Technologie macht Bauder anschlussfähig, denn Gesamtkunstwerke sind keine Genie- sondern Team-Arbeit. Es ist kein Zufall, dass Bauder mit Musikern wie Robert Henke zusammenarbeitet. Henke ist selbst ein Pionier der elektronischen Musik, deren Schlüssel-Technologie und Link zur Digitalisierung der Synthesizer ist. „Technology is the key for music“, gab Brian Eno als Parole aus. Henke hat sich ähnlich wie Bauder die Werkzeuge für seine Kompositionskunst selbst geschaffen und sie mit der eigenen Ableton-Software auch für die ganze Szene zugänglich gemacht. Beide treten gelegentlich gemeinsam auf. Der eine macht Live-Musik, der andere choreographiert ihre Visualisierung im Raum. Auch hier mündet der Entwicklungsstrang der Visual Music eines Oskar Fischinger in die digitale Kunstproduktion ein.

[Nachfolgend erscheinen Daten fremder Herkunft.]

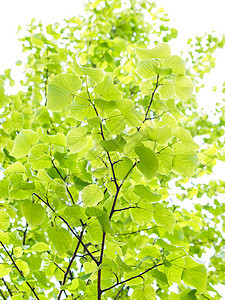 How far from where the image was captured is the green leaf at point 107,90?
679mm

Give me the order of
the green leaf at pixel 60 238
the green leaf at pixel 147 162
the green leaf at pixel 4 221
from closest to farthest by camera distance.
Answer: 1. the green leaf at pixel 147 162
2. the green leaf at pixel 60 238
3. the green leaf at pixel 4 221

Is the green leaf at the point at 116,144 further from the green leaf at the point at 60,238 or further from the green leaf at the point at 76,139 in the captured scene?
the green leaf at the point at 60,238

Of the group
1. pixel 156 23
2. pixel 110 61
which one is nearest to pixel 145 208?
pixel 110 61

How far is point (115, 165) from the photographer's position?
74cm

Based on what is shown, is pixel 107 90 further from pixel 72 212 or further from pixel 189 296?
pixel 189 296

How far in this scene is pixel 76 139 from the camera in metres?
0.75

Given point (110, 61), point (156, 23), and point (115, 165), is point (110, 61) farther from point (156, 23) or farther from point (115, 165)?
point (115, 165)

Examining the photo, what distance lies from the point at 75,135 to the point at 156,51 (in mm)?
306

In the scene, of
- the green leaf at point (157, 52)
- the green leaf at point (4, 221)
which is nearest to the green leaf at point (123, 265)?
the green leaf at point (4, 221)

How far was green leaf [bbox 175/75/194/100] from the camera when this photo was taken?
28.0 inches

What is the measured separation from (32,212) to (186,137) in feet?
1.53

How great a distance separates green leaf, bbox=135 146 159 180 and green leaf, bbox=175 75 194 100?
21 cm

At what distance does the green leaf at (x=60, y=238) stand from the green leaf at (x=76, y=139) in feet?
0.72

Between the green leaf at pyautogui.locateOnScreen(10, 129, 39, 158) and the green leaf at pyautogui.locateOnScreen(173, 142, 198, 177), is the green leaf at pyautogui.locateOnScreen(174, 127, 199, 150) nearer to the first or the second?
the green leaf at pyautogui.locateOnScreen(173, 142, 198, 177) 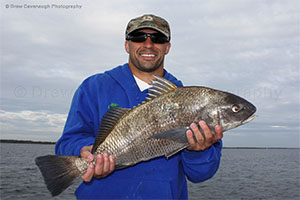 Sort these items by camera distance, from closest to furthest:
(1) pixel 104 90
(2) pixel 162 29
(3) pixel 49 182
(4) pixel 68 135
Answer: (3) pixel 49 182 → (4) pixel 68 135 → (1) pixel 104 90 → (2) pixel 162 29

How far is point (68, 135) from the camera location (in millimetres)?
4730

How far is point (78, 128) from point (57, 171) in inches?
32.8

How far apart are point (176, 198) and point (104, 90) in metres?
2.54

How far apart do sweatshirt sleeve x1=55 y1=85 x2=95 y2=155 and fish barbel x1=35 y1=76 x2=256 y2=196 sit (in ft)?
1.01

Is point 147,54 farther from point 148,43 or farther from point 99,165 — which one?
point 99,165

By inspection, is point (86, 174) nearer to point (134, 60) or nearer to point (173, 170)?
point (173, 170)

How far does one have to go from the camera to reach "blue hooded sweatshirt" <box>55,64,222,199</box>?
15.2ft

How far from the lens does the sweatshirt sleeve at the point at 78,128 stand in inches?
181

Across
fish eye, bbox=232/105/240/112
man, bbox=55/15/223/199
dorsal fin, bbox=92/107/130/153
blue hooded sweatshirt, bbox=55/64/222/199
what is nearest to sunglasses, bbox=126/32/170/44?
man, bbox=55/15/223/199

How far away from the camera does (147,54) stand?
5500 mm

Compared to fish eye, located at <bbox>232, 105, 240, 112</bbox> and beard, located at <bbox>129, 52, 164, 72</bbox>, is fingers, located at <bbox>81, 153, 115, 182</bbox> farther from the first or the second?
fish eye, located at <bbox>232, 105, 240, 112</bbox>

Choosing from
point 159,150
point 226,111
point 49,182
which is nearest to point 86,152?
point 49,182

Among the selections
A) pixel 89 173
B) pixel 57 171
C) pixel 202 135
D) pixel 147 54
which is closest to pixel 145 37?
pixel 147 54

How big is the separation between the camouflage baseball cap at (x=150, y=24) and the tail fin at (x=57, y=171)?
3022 millimetres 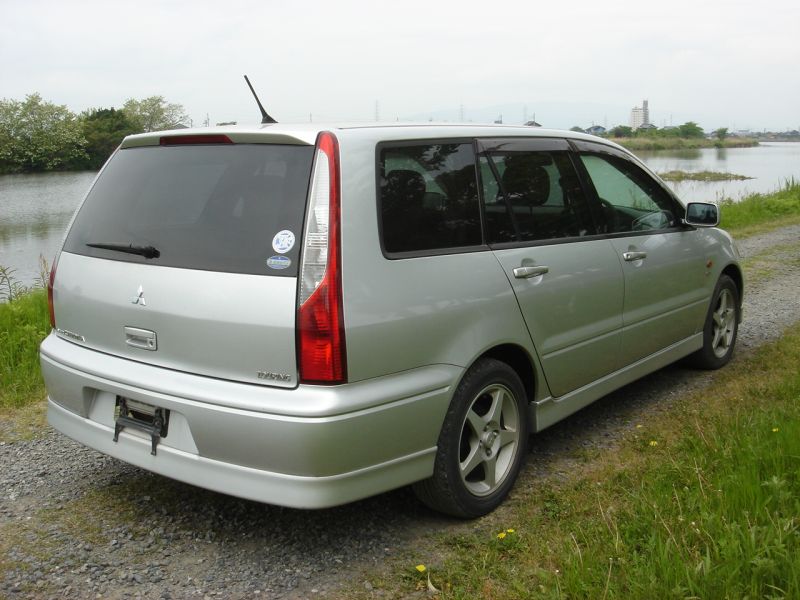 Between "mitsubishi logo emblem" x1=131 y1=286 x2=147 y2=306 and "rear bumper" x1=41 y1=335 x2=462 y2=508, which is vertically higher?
"mitsubishi logo emblem" x1=131 y1=286 x2=147 y2=306

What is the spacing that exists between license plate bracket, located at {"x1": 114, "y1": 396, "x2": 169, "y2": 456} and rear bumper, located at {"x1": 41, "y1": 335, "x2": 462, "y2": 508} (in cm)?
3

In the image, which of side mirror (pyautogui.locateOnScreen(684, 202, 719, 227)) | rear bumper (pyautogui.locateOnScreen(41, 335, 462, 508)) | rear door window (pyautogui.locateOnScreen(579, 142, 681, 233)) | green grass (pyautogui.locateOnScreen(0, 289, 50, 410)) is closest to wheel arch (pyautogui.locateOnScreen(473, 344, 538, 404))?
rear bumper (pyautogui.locateOnScreen(41, 335, 462, 508))

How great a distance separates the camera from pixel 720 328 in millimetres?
5715

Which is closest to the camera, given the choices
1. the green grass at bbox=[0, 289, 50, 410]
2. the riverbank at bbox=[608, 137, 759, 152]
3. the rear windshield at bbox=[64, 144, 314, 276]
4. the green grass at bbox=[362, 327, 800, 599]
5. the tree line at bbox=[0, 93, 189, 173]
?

Bauders Arbeiten sind im besten Sinne ‚anthropozän’, weil sie die ‚dominante’ Rolle des Menschen beim Welten-Schaffen vorführen, wozu sich Technologien einsetzen lassen und dass Wachstum künftig schon aus ökologischen Gründen vor allem im Wissen und Bewusstsein stattfinden sollte. Den Kritikern, die mehr Distanz einklagen, könnte man mit dem Bonner Philosophie-Star Markus Gabriel zurufen, dass die Aufspaltung der Welt in Subjekte und Objekte schon der Fehler ist. Sie spalte das Subjekt von der Welt ab und separiere es, obwohl es als Makroorganismus ja gerade nur durch Wechselwirkungen mit Milliarden anderem Leben selbst überhaupt lebensfähig bleibt. Bruno Latour und Peter Weibel zeigen gerade am ZKM Karlsruhe diese ‚Critical Zone’ , in der und mit der wir leben. Die Welt ist kein Bühnenhintergrund sondern wir sind selbst Teil des Stücks, das da aufgeführt wird.

Genau das lässt uns Christopher Bauder spüren. Quod erat demonstrandum. Auf den Rummel an der Bucht im Osten Berlins darf man gespannt sein.